[WORK ORDER] The listing is to be repeated exactly, and its pictures are to be left out.

[MATERIAL PROVIDED]
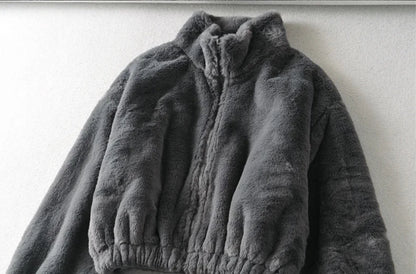 Flauschiger Zipper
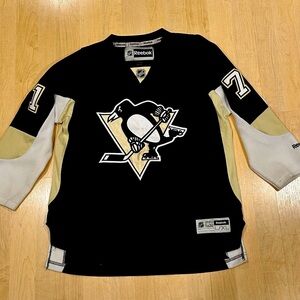 Authentic Pittsburgh Penguins Malkin jersey Youth L/XL
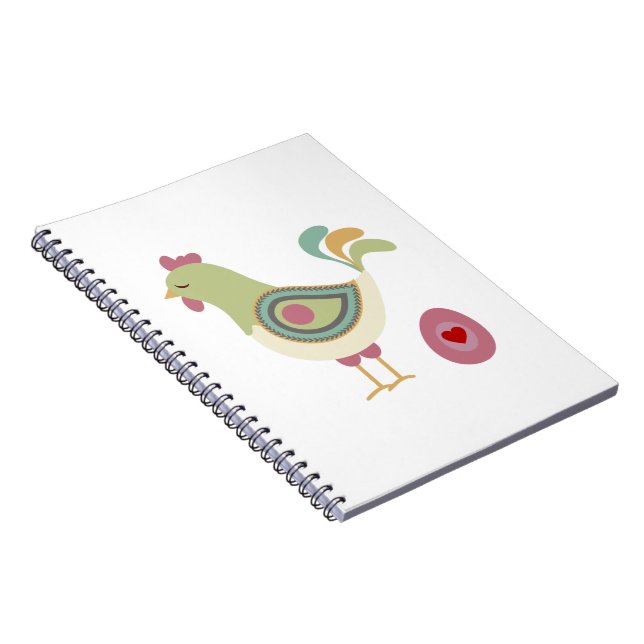 Caderno Espiral Galinha Cuta E Ovo (Lado Direito)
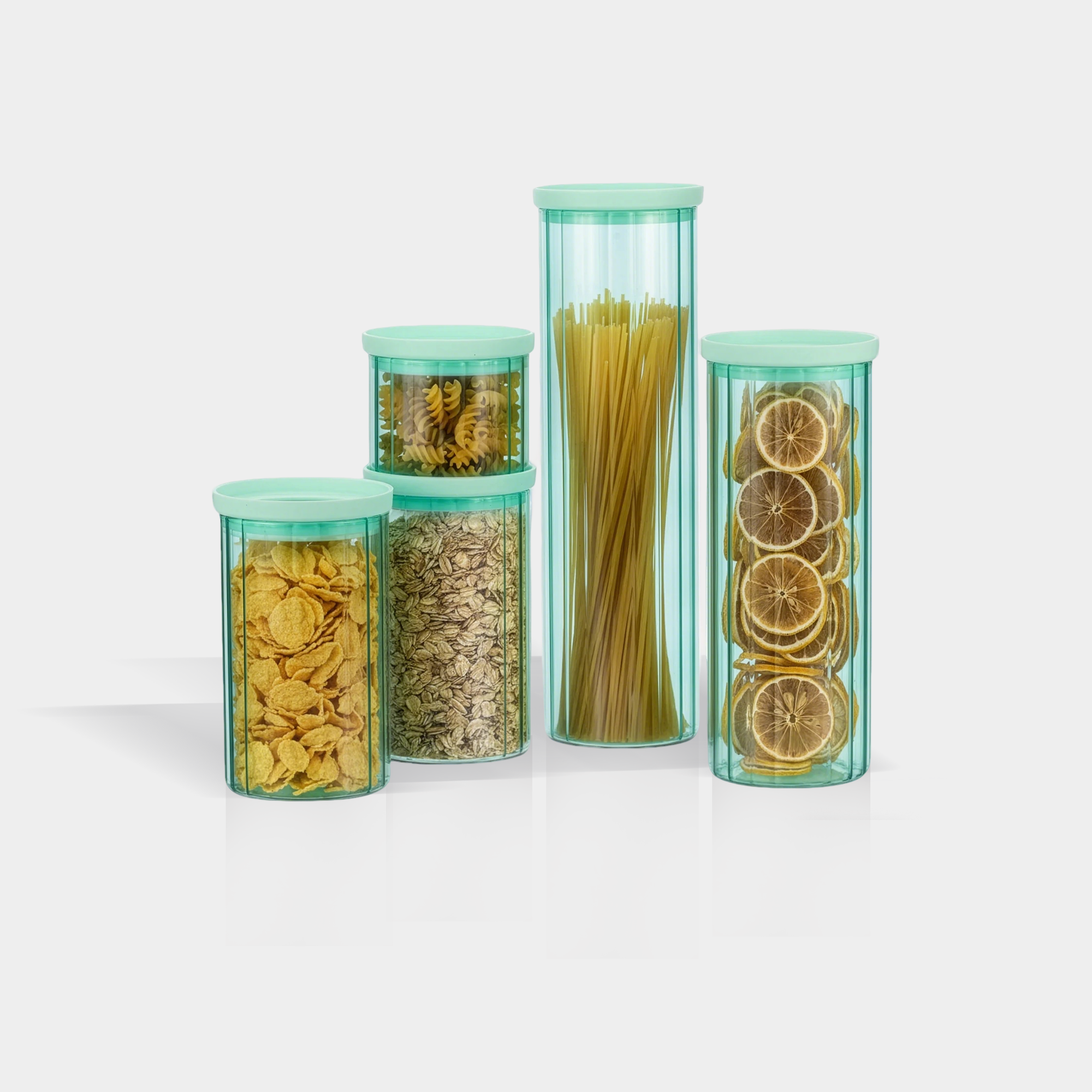 Glass Lid Glass Jar Set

[COMPLETED EXERCISE]
 Flauschiger Zipper
 Authentic Pittsburgh Penguins Malkin jersey Youth L/XL
 Caderno Espiral Galinha Cuta E Ovo (Lado Direito)
 Glass Lid Glass Jar Set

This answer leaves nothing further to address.